## How to complete this task
Leave out the pictures and copy every record exactly.

## Data under study
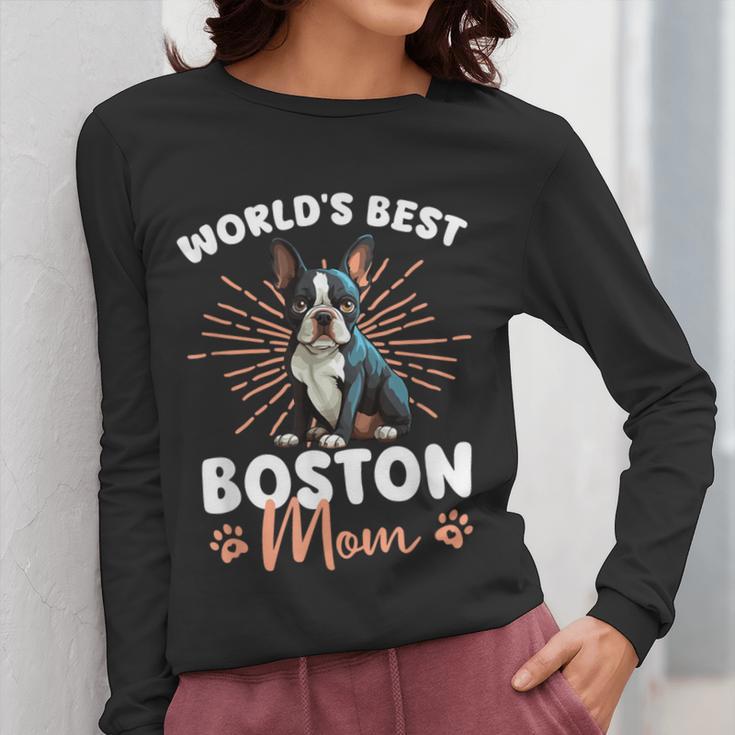 Boston Terrier Groovy World's Best Boston Mom Women Long Sleeve T-Shirt, Couple Gifts, Mom Gifts, Boston Terrier Mom Gifts, funny design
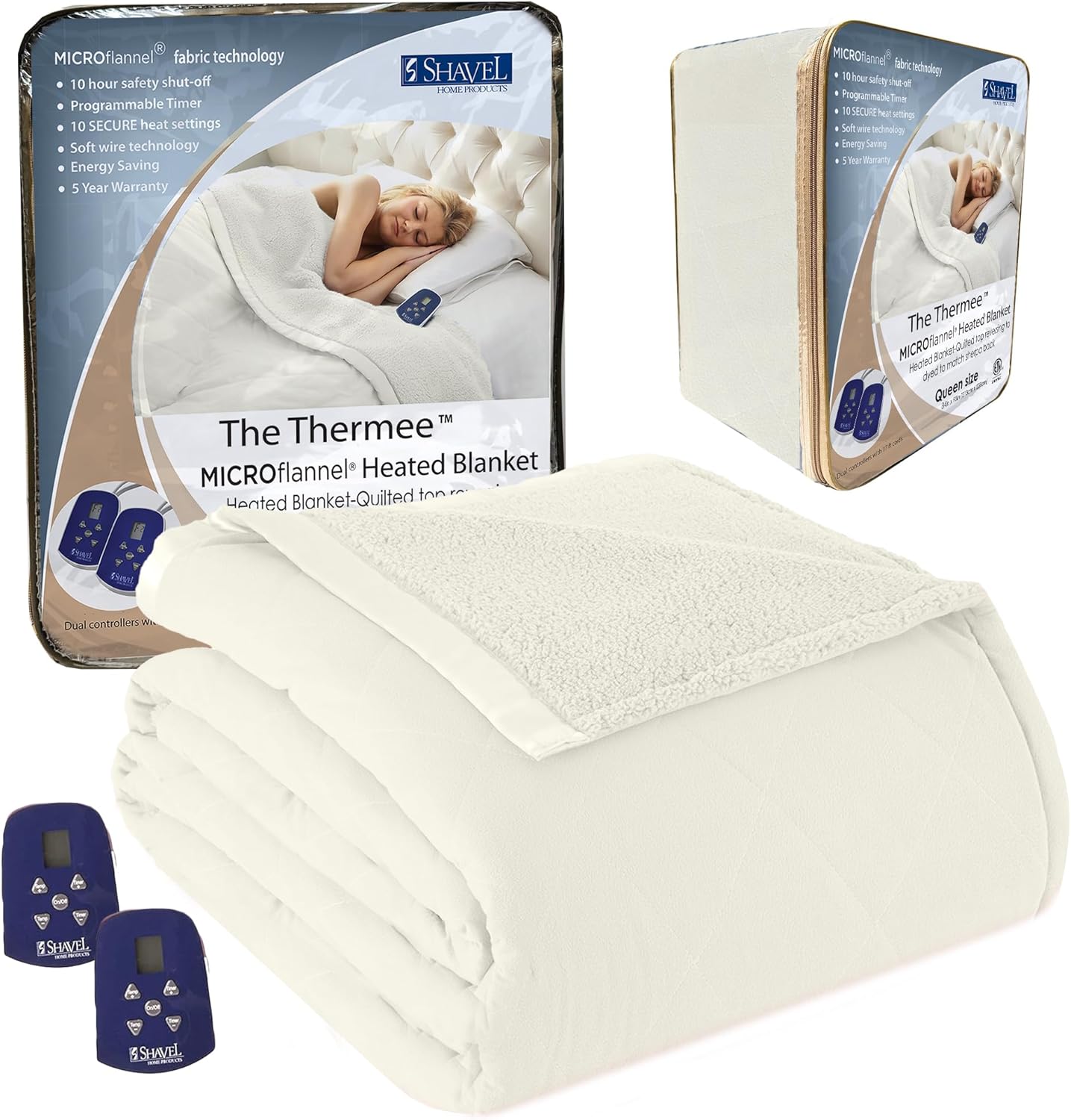 Toile Wedgewood Queen-Sized Electric Heated Sherpa Blanket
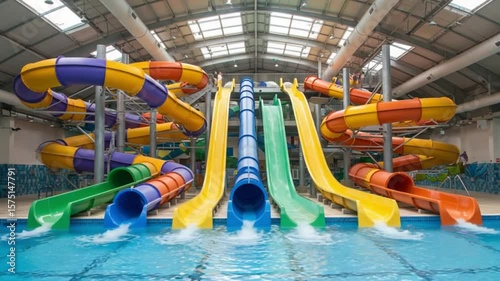 Wallpaper Mural Indoor water park with colorful slides Torontodigital.ca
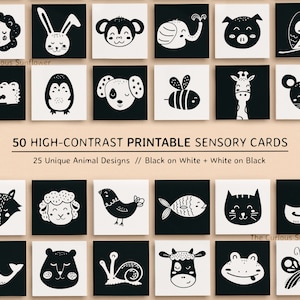 Animals High Contrast Baby Cards in Black and White - Printable Montessori Sensory Flashcards for Infant Stimulation - DIGITAL DOWNLOAD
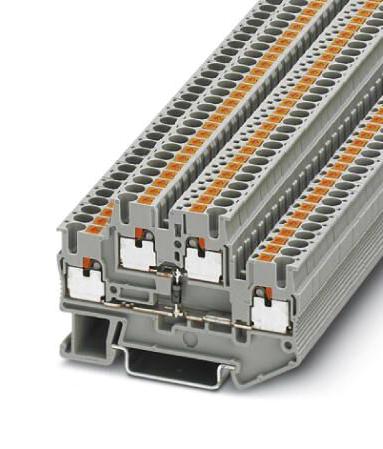 PTTB 2,5-DIO/U-O DINRAIL TERMINAL BLOCK, 4WAY, 12AWG, GRY PHOENIX CONTACT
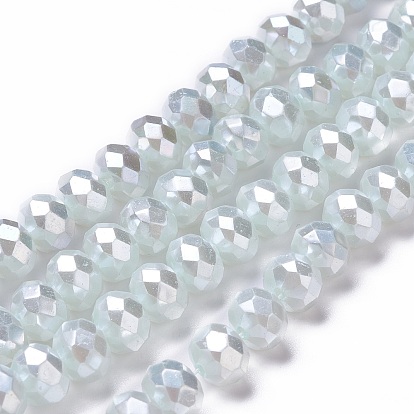Perles verre opaque brins, facette, rondelle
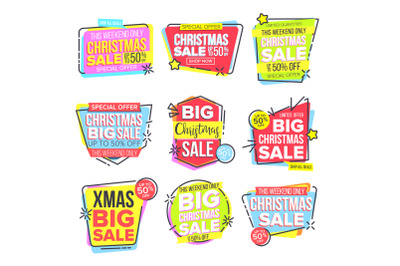 Christmas Big Sale Sticker Set Vector. Template For Advertising. Discount Tag&2C; Special Offer Banner. Up To 50 Percent Off Badges. Promo Icon. Buy Label. Isolated Illustration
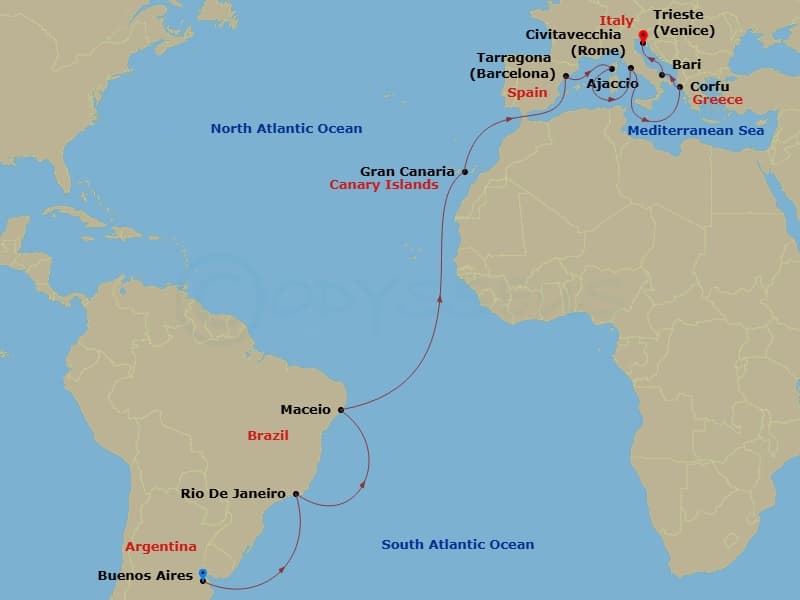 Itinerary map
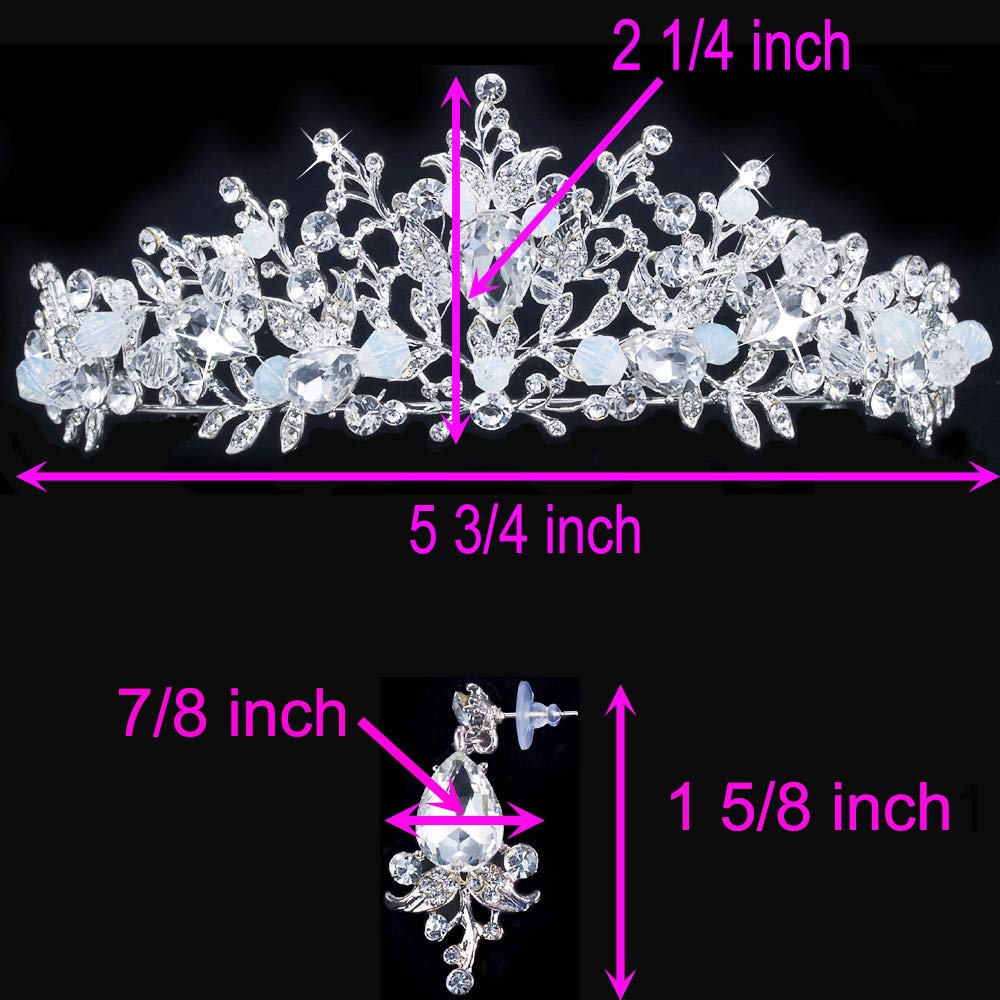 mesfugw White Tiaras and Crowns for women, Pageant Crowns for Women and Girls Crown with Earring Princess Crown Pageant Tiara Princess Tiara and Crown for Women Girls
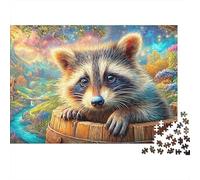 Raccoon Peeking from A Wooden Barrel 1000-Piece Jigsaw Puzzle Cute Raccoon Challenging & Brainteasing for All Ages 52x38cm/1000pcs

## Answer to this task
 Boston Terrier Groovy World's Best Boston Mom Women Long Sleeve T-Shirt, Couple Gifts, Mom Gifts, Boston Terrier Mom Gifts, funny design
 Toile Wedgewood Queen-Sized Electric Heated Sherpa Blanket
 Wallpaper Mural Indoor water park with colorful slides Torontodigital.ca
 Animals High Contrast Baby Cards in Black and White - Printable Montessori Sensory Flashcards for Infant Stimulation - DIGITAL DOWNLOAD
 PTTB 2,5-DIO/U-O DINRAIL TERMINAL BLOCK, 4WAY, 12AWG, GRY PHOENIX CONTACT
Perles verre opaque brins, facette, rondelle
 Christmas Big Sale Sticker Set Vector. Template For Advertising. Discount Tag&2C; Special Offer Banner. Up To 50 Percent Off Badges. Promo Icon. Buy Label. Isolated Illustration
 Itinerary map
 mesfugw White Tiaras and Crowns for women, Pageant Crowns for Women and Girls Crown with Earring Princess Crown Pageant Tiara Princess Tiara and Crown for Women Girls
 Raccoon Peeking from A Wooden Barrel 1000-Piece Jigsaw Puzzle Cute Raccoon Challenging & Brainteasing for All Ages 52x38cm/1000pcs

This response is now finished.